In mathematics, specifically in measure theory, the trivial measure on any measurable space (X, Σ) is the measure μ which assigns zero measure to every measurable set: μ(A) = 0 for all A in Σ.

Properties of the trivial measure

Let μ denote the trivial measure on some measurable space (X, Σ).
 A measure ν is the trivial measure μ if and only if ν(X) = 0.
 μ is an invariant measure (and hence a quasi-invariant measure) for any measurable function f : X → X.

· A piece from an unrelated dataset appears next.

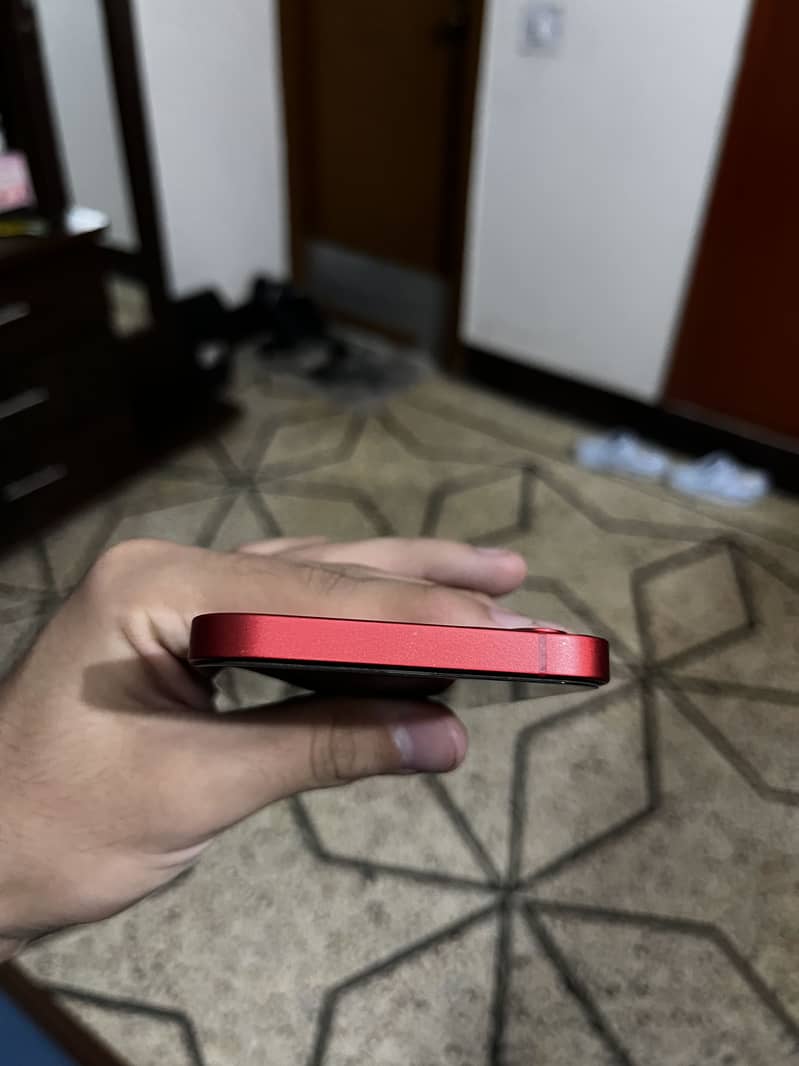 Apple iPhone 12 3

Suppose that X is a topological space and that Σ is the Borel σ-algebra on X.
 μ trivially satisfies the condition to be a regular measure.
 μ is never a strictly positive measure, regardless of (X, Σ), since every measurable set has zero measure.
 Since μ(X) = 0, μ is always a finite measure, and hence a locally finite measure.
 If X is a Hausdorff topological space with its Borel σ-algebra, then μ trivially satisfies the condition to be a tight measure. Hence, μ is also a Radon measure. In fact, it is the vertex of the pointed cone of all non-negative Radon measures on X.
 If X is an infinite-dimensional Banach space with its Borel σ-algebra, then μ is the only measure on (X, Σ) that is locally finite and invariant under all translations of X. See the article There is no infinite-dimensional Lebesgue measure.
 If X is n-dimensional Euclidean space Rn with its usual σ-algebra and n-dimensional Lebesgue measure λn, μ is a singular measure with respect to λn: simply decompose Rn as A = Rn \ {0} and B = {0} and observe that μ(A) = λn(B) = 0.